Lihat ke Halaman Asli

MomAbel

TERVERIFIKASI

Mom of 2

"Travelling" untuk Anak, Perlukah?

Diperbarui: 2 Juni 2018   01:12

Kompasiana adalah platform blog. Konten ini menjadi tanggung jawab bloger dan tidak mewakili pandangan redaksi Kompas.

Dokumen Pribadi

Banyak yang bertanya atau berkomentar tentang perlu-tidaknya travelling untuk anak, dari yang bernada positif hingga yang bernada negatif---nyaris nyinyir. Bahkan di sosial media travelmom atau travelblogger loh!

Ada yang merasa tidak perlu wong anak masih kecil dan belum tahu apa-apa. Apalagi mengingat perjalanannya. Travelling mengajak anak itu rugi, begitu katanya. Ada yang berpikir negatif : "palingan travelling untuk gengsi" biar ada postingan foto liburan bersama anak dan keluarga. Bukankah kebahagiaan itu harus dicitrakan di media sosial? Hohoho... (yang ini bikin saya garuk-garuk kepala hihihi).

Hmmm... sebenarnya tidak ada yang bertanya kepada saya secara langsung sih. Hahaha... (GR banget ya? Siapa juga saya? Sok penting euy) Tapi ijinkan saya berbagi, siapa tahu bermanfaat. Boleh ya?

Jika mendapat pertanyaan seperti judul diatas, sebenarnya buat saya agak susah memberi jawaban. Kondisi dan prioritas hidup masing-masing orang berbeda. Namun, saya punya pengalaman yang menjadikan saya menganggap travelling untuk anak adalah perlu. Karenanya, saya suka dan sering mengajak anak-anak saya travelling bahkan selalu saya ajak kemanapun saya pergi.

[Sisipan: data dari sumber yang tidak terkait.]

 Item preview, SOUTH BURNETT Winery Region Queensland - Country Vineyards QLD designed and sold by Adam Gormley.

Pengalaman ini adalah pengalaman masa kecil saya. Saya lahir dan tumbuh di kampung. Orangtua saya bukan orang berada. Tapi saya ingat betul meskipun tidak terlalu detil, ada suatu hari bapak saya mengajak anak-anaknya jalan-jalan. Kebetulan bapak punya sepeda motor bebek tua dan butut waktu itu. Jadi, kami bertiga (kakak, saya, dan adik) diajak naik motor pergi ke Ambarawa yang berjarak kira-kira 30 km dari rumah.

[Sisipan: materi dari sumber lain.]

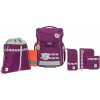 Školská taška Lassig Slim Unique s príslušenstvom - Lilac uni Školská taška Lassig Slim Unique s príslušenstvom - Lilac uni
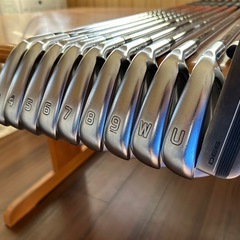 pingドライバー、5W、アイアンセットの画像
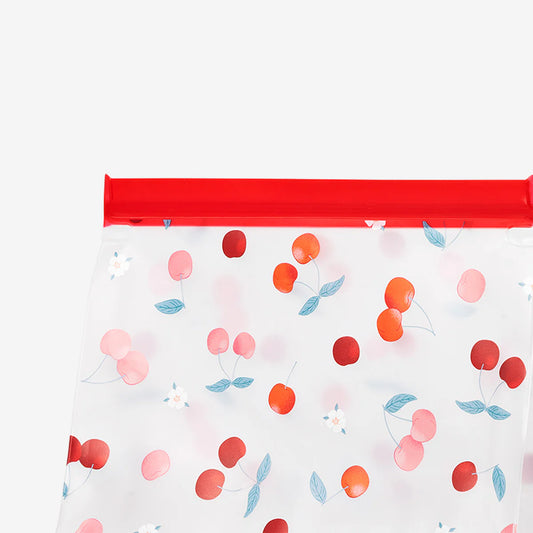 Bags W Selfseal 2Pcs Peva Reusble (In)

Suatu saat kenangan masa kecil itu muncul di benak saya. Bak kaset berputar di memori saya, satu per satu kepingan kenangan itu menjelma menjadi sebuah keindahan sekaligus kerinduan. Masa kecil yang sederhana tapi bahagia.

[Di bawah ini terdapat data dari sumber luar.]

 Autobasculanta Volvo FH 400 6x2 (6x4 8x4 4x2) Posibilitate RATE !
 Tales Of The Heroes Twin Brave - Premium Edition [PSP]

Rasanya ingin kembali ke masa itu, merasakan semilir angin yang berhembus sore itu. Di atas sepeda motor bapak yang melaju, saya mencium aroma bunga kopi saat melewati perkebunan kopi. Melihat bis-bis besar yang melintasi jalan poros Semarang-Solo. Menyaksikan rawa Pening yang bersih tanpa eceng gondok seperti sekarang. Udara sore yang hangat seolah membius saya seakan diajak tamasya ke tempat yang indah.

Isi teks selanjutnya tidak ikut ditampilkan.